Dr Latham told delegates that while shelf plays attracted over 50% more exploration and appraisal wells than deepwater, the relative maturity of the sector was reflected in a smaller average discovery size. Onshore exploration, meanwhile, accounted for 60% of new field discoveries and just over 30% of discovered volumes, from less than a quarter of total exploration investment.
However, Wood Mackenzie sees only gradual change through 2018.
“Most companies will hold their highly cautious approach to exploration for a while yet. Industry investment and well counts will remain stubbornly low,” Dr Latham said.
“Across this smaller industry, two themes will stand out. Firstly, the number of committed explorers has dwindled and corporate diversity will remain unusually low.
“Secondly, much of the industry is chasing rather similar opportunities. Play and basin diversity will also be unusually narrow. This raises the spectre of sharper competition eroding margins – a threat not seen since 2014,” he added.

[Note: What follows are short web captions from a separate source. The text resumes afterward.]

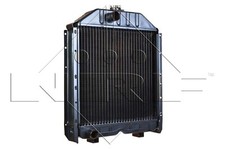 RADIATORE MOTORE TRATTORE FIAT
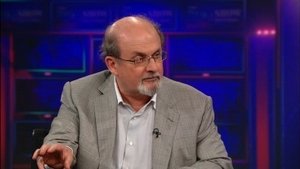 The Daily Show Odcinek 152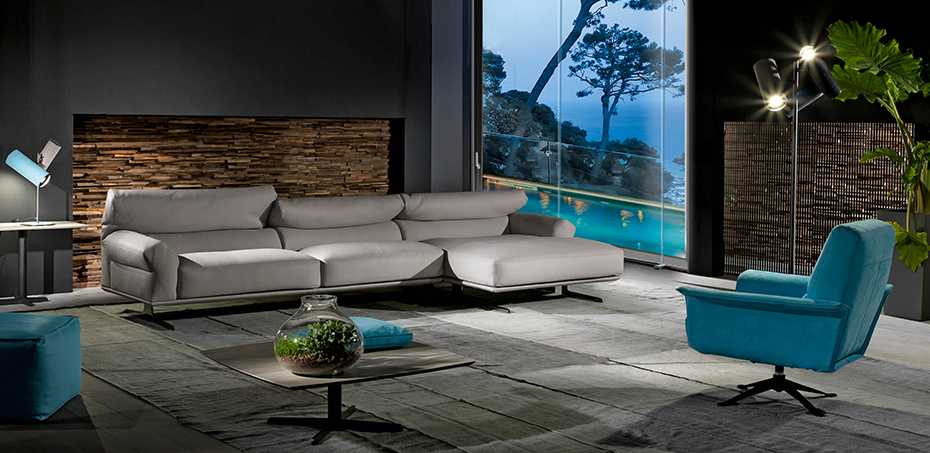 Cierre italian sofas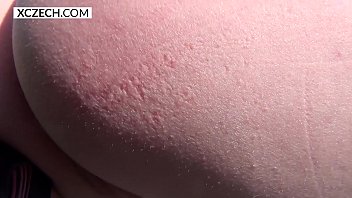 Preview 1 of Natural Bits Ass - Pussy in Detail View by Voyeur - XCZECH.com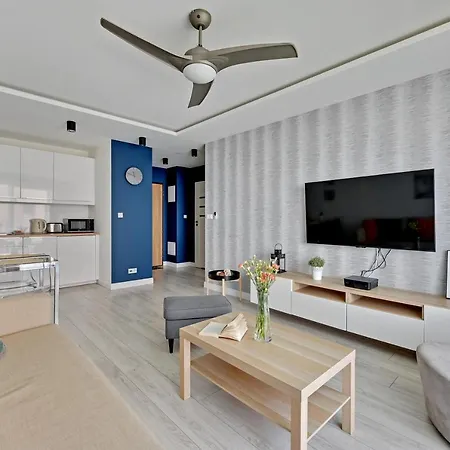 Appartamento Iqapartments Sw Barbary 12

Dr Latham told delegates that industry consolidation, the price downturn and the attractions of unconventional alternatives have all reduced the field of wildcatters. With few newcomers, today’s narrow corporate landscape looks set to persist.

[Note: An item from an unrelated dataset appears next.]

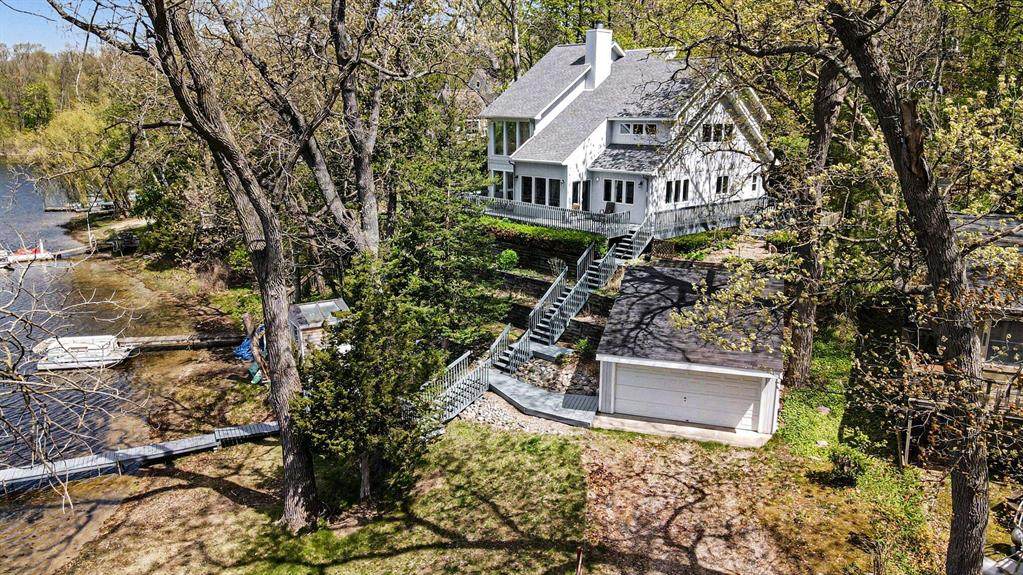 190 Island Lake Road - Photo 1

“Operatorship will be more concentrated than ever, with only the majors, a handful of NOCs and the top few independents leading high-impact drilling programmes. Reduced partnership options will also see the majors joining forces to manage risk,” he said.

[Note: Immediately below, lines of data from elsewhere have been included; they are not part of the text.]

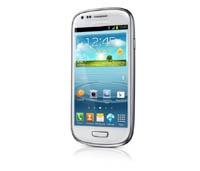 Samsung Galaxy S III mini с NFC-модулем появится до конца января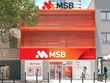 Maritime Bank thay đổi nhận diện thương hiệu và mô hình trải nghiệm khách hàng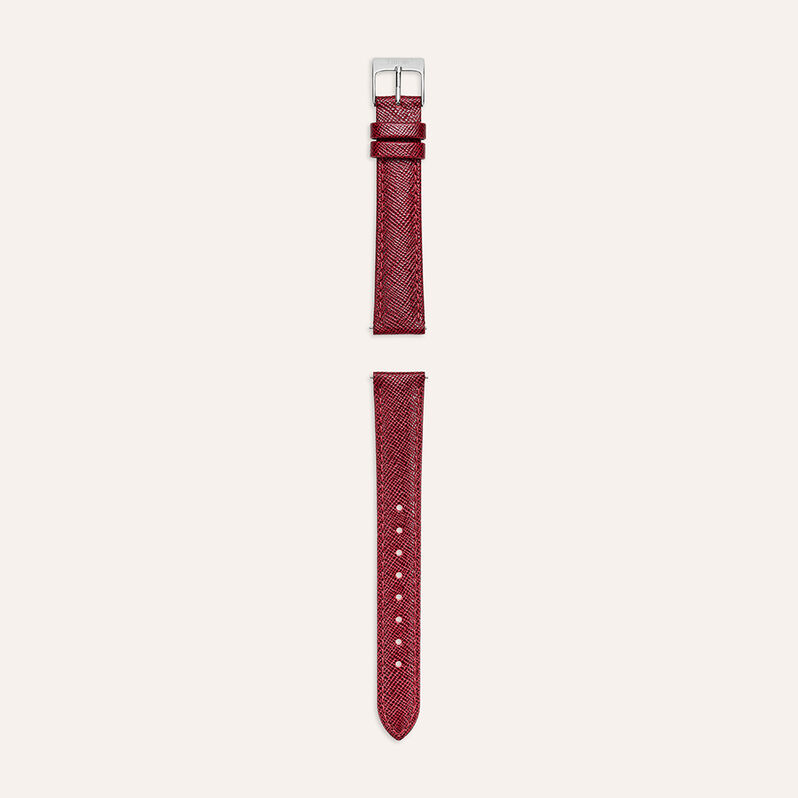 Cinturino Stroili Cinturino Pelle Rosso - Cinturini per Orologi Donna | Stroili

According to Wood Mackenzie’s analysis, the most-favoured plays will be deepwater sweet spots promising high resource density, rapid commercialisation and breakeven prices below US$50 per barrel.
Dr Latham said: “Most of the best of these are around the Atlantic margins. Basins are a mix of the proven – such as Guyana, Mauritania, and the US Gulf of Mexico - and unproven frontiers. Examples of the latter with firm 2018 wells are in Nova Scotia, South Africa, and Namibia.
“Subsurface risk will not be off the agenda. Big explorers will be willing to drill new deepwater play tests where they see potential for material volumes, particularly economically-advantaged oil. Whether the plays are proven or not, the critical factor will be scope for straightforward development in a success case.”
Dr Latham warned that exploration’s share of upstream investment has slipped to below 10% since 2016 and is not about to recover.
“Global investment in conventional exploration and appraisal will be around US$37 billion in 2018,” he said. “This will be 7% less than 2017 spend of US$40 billion, and over 60% below its 2014 peak. The majors’ investment will be cut back relatively less, trimmed by around 4% versus 2017. As some of the last outstanding pre-crash high-rate rig contracts roll over, average well costs should trend lower.”
Much of the industry’s focus will be on acreage capture and re-loading for the longer-term, he said. For some, the priority will be to reposition their portfolio for a lower breakeven future. For others, the focus will be on renewal after a period of inventory depletion. This will see intense competition for quality acreage, especially in Brazil and Mexico.
Dr Latham told EAGE delegates that the industry should achieve double-digit returns this year, on the back of portfolio optimisation and lower costs.
“The industry will drill fewer, better wells focused on plays that are commercially attractive,” he said.
“After a few difficult years, the economic outlook is at last looking brighter for explorers.”